= DIRECTIONS =
Every line from the first in the listing below to the line containing "Used 2017 Maserati" is to be repeated exactly, and no line past it.

= DATA =
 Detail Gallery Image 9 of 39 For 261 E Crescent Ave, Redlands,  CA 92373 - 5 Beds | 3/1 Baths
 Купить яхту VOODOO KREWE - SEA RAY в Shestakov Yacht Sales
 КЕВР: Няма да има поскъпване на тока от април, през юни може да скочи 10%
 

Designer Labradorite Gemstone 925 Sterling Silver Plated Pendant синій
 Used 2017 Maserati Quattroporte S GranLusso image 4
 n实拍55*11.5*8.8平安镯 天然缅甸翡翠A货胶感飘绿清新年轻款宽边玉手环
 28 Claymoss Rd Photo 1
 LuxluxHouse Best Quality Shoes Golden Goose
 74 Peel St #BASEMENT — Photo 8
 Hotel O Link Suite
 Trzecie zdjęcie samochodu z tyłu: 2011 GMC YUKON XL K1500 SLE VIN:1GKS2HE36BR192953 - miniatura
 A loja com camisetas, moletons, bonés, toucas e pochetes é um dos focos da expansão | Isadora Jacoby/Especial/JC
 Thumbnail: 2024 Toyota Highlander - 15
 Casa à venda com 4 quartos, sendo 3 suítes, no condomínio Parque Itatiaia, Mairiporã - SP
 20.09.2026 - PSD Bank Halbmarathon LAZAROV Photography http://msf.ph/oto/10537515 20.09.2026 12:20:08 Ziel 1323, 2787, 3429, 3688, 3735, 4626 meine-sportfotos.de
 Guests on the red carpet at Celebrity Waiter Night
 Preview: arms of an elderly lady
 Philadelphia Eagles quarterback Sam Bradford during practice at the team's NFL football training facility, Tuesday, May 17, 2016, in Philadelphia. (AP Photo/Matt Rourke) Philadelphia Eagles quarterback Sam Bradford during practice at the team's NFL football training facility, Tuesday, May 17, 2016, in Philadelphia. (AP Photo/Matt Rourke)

= SOLUTION BELOW =
 Detail Gallery Image 9 of 39 For 261 E Crescent Ave, Redlands,  CA 92373 - 5 Beds | 3/1 Baths
 Купить яхту VOODOO KREWE - SEA RAY в Shestakov Yacht Sales
 КЕВР: Няма да има поскъпване на тока от април, през юни може да скочи 10%
 

Designer Labradorite Gemstone 925 Sterling Silver Plated Pendant синій
 Used 2017 Maserati Quattroporte S GranLusso image 4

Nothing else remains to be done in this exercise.